The Stress Indicator Tool was developed by scientists and industry experts at HSE to accurately measure and determine the attitudes and perceptions of employees towards work-related stress
Stress and mental health at work are significant issues in most industries; the latest statistics from the Health and Safety Executive (HSE) suggest work-related stress is on the increase. In the past year 595,000 workers across Great Britain reported experiencing work-related stress, anxiety or depression. The total number of working days lost because of this condition was 15.4 million days, accounting for 57% of all working days lost because of ill health. Staggeringly, even conservative estimates put the total loss to the British economy at more than £5 billion per year.
What is stress?
There are many definitions for stress, but the HSE defines it as ‘the adverse reaction people have to excessive pressures or other types of demand placed on them’.
In this definition we distinguish between ‘pressure’ that can motivate us, and ‘stress’ that occurs when pressure becomes excessive and happens over a sustained period, with no time to recover. Stress, when not tackled, can lead to serious mental health conditions such as anxiety and depression, or physical health conditions including stroke, diabetes, heart conditions and obesity.

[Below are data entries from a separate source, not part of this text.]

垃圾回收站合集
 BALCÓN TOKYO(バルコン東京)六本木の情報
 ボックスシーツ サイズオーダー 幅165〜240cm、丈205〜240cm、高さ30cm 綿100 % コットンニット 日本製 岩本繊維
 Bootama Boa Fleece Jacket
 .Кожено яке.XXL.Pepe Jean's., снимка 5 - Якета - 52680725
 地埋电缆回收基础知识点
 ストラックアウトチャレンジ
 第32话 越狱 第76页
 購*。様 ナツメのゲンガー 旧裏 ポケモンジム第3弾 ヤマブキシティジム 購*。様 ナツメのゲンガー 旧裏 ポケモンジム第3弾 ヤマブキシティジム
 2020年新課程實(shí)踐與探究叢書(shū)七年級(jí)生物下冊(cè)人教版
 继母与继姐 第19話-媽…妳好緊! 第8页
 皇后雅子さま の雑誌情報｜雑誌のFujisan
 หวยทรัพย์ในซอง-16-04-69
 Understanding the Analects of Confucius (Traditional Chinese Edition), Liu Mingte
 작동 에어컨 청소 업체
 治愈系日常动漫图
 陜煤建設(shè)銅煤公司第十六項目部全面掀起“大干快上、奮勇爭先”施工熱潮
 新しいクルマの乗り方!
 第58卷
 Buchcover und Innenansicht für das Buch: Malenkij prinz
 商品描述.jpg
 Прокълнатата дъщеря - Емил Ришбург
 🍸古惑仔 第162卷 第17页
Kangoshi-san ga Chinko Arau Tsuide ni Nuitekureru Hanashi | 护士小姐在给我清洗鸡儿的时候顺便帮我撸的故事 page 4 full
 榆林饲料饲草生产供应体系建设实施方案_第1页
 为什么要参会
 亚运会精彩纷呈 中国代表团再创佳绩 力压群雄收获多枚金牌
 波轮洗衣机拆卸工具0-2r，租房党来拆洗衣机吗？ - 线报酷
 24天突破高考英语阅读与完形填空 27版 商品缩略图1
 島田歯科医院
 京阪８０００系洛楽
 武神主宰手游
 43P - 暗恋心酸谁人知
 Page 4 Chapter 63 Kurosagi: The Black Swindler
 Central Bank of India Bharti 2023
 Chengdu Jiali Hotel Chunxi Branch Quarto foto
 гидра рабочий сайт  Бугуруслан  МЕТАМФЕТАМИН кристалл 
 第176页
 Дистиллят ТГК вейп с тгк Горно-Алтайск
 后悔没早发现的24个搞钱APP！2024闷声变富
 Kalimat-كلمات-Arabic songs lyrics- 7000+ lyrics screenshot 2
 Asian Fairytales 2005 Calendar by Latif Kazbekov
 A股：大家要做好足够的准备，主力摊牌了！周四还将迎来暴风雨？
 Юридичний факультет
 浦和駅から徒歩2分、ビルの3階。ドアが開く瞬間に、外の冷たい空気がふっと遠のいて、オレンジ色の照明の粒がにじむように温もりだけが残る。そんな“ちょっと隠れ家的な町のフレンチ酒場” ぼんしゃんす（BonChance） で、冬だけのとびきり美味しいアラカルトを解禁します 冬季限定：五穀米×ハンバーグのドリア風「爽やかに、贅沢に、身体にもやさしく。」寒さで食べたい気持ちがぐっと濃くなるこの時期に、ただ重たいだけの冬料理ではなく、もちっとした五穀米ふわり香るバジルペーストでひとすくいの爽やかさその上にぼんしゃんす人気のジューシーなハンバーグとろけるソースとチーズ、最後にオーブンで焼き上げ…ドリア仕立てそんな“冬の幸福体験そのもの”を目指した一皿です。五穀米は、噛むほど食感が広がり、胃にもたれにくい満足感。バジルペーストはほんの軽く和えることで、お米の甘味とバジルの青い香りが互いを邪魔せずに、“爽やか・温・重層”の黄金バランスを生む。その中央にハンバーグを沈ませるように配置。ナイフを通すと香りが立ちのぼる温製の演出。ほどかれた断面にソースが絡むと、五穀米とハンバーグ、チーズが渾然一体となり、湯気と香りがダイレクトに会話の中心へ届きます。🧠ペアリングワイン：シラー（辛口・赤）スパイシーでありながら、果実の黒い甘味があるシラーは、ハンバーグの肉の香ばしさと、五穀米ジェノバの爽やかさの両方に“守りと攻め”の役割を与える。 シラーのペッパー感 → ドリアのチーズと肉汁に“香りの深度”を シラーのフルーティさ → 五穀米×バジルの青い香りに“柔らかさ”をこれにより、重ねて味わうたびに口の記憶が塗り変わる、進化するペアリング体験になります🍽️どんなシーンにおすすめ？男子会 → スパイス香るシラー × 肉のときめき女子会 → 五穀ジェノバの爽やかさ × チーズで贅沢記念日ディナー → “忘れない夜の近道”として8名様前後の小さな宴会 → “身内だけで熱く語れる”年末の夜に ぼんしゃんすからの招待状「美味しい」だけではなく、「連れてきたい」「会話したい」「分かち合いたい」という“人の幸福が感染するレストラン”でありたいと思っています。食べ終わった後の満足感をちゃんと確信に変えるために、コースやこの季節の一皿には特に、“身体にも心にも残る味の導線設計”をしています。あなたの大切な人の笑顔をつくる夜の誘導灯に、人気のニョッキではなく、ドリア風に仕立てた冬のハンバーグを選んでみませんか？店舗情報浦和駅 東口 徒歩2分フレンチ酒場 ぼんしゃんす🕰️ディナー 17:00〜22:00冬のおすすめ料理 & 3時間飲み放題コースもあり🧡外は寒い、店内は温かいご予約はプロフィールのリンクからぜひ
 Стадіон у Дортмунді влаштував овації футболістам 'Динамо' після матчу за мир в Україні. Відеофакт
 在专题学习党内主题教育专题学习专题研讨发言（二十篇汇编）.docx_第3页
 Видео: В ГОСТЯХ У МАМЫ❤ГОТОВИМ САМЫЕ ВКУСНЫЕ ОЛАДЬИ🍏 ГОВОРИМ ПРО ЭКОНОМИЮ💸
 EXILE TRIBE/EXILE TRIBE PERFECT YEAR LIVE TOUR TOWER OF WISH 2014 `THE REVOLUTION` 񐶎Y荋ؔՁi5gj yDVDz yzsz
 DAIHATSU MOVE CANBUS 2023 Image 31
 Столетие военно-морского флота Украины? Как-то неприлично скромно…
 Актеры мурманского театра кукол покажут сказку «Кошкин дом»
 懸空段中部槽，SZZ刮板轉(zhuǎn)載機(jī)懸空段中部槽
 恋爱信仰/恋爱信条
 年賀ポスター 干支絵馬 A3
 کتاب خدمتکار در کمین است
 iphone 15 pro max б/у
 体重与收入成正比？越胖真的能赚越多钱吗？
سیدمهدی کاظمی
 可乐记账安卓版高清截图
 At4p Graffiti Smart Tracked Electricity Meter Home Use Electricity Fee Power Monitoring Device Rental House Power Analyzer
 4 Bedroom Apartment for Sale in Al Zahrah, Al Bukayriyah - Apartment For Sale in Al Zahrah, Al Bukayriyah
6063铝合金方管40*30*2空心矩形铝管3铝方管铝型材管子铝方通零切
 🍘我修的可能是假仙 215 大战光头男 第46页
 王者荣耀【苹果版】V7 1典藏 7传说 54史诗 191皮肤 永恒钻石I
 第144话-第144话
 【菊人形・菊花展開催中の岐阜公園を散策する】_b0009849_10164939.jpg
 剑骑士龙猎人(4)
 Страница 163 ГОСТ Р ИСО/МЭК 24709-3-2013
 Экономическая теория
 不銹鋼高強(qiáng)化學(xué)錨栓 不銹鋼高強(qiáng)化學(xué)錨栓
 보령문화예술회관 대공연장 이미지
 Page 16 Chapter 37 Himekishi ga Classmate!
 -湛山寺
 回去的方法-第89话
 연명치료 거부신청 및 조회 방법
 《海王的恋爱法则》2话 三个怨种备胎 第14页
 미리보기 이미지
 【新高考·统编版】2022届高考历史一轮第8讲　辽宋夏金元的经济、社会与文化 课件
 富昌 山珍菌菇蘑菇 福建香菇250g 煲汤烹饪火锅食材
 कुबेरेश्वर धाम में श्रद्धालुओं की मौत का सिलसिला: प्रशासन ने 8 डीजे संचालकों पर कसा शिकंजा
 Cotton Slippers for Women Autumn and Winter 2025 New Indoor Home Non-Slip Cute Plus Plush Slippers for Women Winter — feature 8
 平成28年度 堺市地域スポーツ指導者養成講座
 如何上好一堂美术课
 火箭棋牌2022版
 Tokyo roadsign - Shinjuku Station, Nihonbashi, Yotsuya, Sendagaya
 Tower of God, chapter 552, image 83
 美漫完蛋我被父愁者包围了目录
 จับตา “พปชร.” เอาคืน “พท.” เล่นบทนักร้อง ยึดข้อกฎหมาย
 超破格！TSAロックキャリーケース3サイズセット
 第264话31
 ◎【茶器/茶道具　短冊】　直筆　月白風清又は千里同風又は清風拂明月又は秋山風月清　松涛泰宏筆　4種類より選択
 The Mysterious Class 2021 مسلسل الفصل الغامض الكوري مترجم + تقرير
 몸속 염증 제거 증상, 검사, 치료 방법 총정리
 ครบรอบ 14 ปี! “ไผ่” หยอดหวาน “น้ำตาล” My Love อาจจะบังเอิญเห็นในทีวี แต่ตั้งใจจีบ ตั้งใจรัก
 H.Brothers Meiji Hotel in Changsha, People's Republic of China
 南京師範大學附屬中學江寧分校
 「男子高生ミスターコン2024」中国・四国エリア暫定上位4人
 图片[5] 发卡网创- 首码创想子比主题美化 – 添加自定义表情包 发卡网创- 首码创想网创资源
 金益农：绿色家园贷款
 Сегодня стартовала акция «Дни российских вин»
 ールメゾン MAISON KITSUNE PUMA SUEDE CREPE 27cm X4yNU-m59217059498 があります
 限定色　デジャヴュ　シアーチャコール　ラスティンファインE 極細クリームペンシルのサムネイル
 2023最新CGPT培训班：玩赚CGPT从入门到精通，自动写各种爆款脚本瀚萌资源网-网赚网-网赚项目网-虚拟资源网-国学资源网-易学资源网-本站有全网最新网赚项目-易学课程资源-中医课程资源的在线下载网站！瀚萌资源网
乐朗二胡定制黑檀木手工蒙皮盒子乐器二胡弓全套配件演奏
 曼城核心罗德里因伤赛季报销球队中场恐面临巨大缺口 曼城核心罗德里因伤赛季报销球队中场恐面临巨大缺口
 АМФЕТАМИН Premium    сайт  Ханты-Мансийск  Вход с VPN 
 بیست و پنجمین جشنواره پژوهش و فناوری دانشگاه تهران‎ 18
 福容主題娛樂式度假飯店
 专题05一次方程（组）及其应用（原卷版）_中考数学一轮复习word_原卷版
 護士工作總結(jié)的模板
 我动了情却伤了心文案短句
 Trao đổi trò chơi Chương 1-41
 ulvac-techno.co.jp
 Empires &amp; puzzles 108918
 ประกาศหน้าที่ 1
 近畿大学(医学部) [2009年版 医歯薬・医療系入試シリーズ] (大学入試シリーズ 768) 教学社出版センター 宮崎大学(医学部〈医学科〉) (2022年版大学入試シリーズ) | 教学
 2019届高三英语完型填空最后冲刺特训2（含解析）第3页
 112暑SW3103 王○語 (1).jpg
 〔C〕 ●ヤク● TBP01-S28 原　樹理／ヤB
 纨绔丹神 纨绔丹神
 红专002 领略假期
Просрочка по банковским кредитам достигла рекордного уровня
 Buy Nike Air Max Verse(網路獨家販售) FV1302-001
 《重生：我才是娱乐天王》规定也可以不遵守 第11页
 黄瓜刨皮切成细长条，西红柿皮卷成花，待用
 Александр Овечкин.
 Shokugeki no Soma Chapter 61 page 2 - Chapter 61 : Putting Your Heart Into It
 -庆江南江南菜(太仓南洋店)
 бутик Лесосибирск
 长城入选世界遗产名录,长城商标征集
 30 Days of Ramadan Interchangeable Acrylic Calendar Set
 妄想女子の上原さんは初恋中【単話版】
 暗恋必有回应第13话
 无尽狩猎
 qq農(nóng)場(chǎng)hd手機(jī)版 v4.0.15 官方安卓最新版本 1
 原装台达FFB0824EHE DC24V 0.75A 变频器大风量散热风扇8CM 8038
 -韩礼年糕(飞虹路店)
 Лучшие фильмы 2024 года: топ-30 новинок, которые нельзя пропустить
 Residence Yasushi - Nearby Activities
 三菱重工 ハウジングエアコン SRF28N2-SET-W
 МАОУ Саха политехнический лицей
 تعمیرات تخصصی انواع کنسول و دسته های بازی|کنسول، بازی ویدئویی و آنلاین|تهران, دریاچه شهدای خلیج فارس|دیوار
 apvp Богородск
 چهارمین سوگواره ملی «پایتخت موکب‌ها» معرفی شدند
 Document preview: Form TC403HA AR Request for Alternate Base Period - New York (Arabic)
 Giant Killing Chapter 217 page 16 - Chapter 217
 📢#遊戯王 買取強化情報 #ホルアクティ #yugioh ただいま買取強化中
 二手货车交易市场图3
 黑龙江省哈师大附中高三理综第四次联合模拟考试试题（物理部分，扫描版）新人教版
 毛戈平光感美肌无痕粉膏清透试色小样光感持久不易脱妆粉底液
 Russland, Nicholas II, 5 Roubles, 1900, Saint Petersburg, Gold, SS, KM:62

There is a growing industry of ‘wellbeing strategies’ that focus on training for managing resilience, mental health and mindfulness. Although such training can be effective and help people it is often implemented after they’ve suffered from stress. It won’t prevent others from becoming stressed as it doesn’t tackle the root cause. If you put people back into the same environment they will still be affected.
Preventing stress by early intervention, or by designing job roles more efficiently, are the most effective means of tackling it. Discussing stress or mental health at regular meetings is one way of monitoring the issue. If someone is having problems, even if not caused by work, offering them early support or short-term flexibility could protect their health and wellbeing.
Why you should tackle work-related stress
As an employer there are three key reasons:
Keeping your most important resource – your staff – safe and well.
Benefits in cost savings and improved productivity.
You have a legal duty to do so under health and safety legislation.
Where do I start?
Working with academics and industry the HSE has developed an understanding of the work factors that can lead to stress. Six factors have been identified that, if not managed properly, can lead to stress – demands, control, relationships, support, role and change.
The easiest way to identify if your organisation has an issue with workplace stress is to ask your employees. Here are some practical tips to achieve this:
For a smaller organisation, talk to your staff – we have developed a ‘Talking Toolkit’ to help you frame these conversations.
Raising awareness of stress and its causes is also important, and we’ve developed a series of posters you can use in your workplace.
For larger organisations the HSE has developed its Management Standards approach – a process to help conduct risk assessments, identify potential stressors and begin the process of developing a solution. Consultation with employees is done using the Stress Indicator Tool, followed by focus groups to check the findings and gather more detailed information.
What is the Stress Indicator Tool (SIT)?
SIT was developed by academics and industry experts at HSE to accurately measure and determine the attitudes and perceptions of employees towards work-related stress. It is an online 35-question survey designed to gather data anonymously from employees, which can be used in the risk assessment element of HSE’s Management Standards approach. Obtaining and understanding this data helps identify areas to improve to prevent or manage work-related stress.
The report is automated so you don’t have to spend time collating data or inputting the results manually. This helps avoid data-entry errors, making the information collected more accurate and reliable. The report summarises the views and experiences of employees and provides recommendations for future improvements.